Micro-Management

March 30th, 2009 By: Arvak | Tags:

gm_general_motors_logo_01Abruptly increasing the intrusiveness of federal oversight, President Obama has basically fired the chairman of General Motors’ board. Populist schadenfreude aside, it is worth wondering whether this is really a good precedent. Blue Crab Boulevard shares this discomfort:

I would not know Rick Wagoner is I tripped over him. But I am very troubled by a government that offers aid, then punishes those who take the offered hand. This is now happening at the executive level, not just the legislative.

So now we have not only the Congress passing bills of attainder to single out and punish people who are in unpopular occupations, but now the President of the United States is going to personally dictate the makeup of corporate boards. Does anyone seriously believe that the replacements will be determined solely by merit? Or might political connections come into it, now that the government is in the hiring and firing process?

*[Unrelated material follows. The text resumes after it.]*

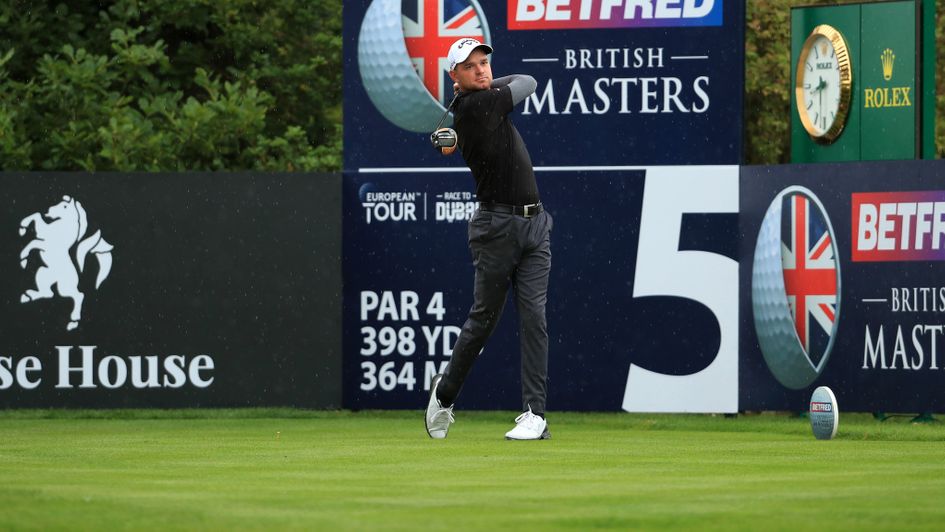 British Masters: Dale Whitnall leads after day two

It may well be that this firing is completely justified and that it is the first step on some kind of road to GM’s recovery. But if so, how is hard to see. It appears to be just a public relations move in some kind of effort to ride the wave of populist discontent and “bailout fatigue”. And once the government’s fingers are this deep into the economy, it is reasonable to wonder whether economics and finance in the United States might become so politicized as to resemble the kind of warlordism traditionally associated with third-world basket cases.

Or we can just hope this is a one-time aberration.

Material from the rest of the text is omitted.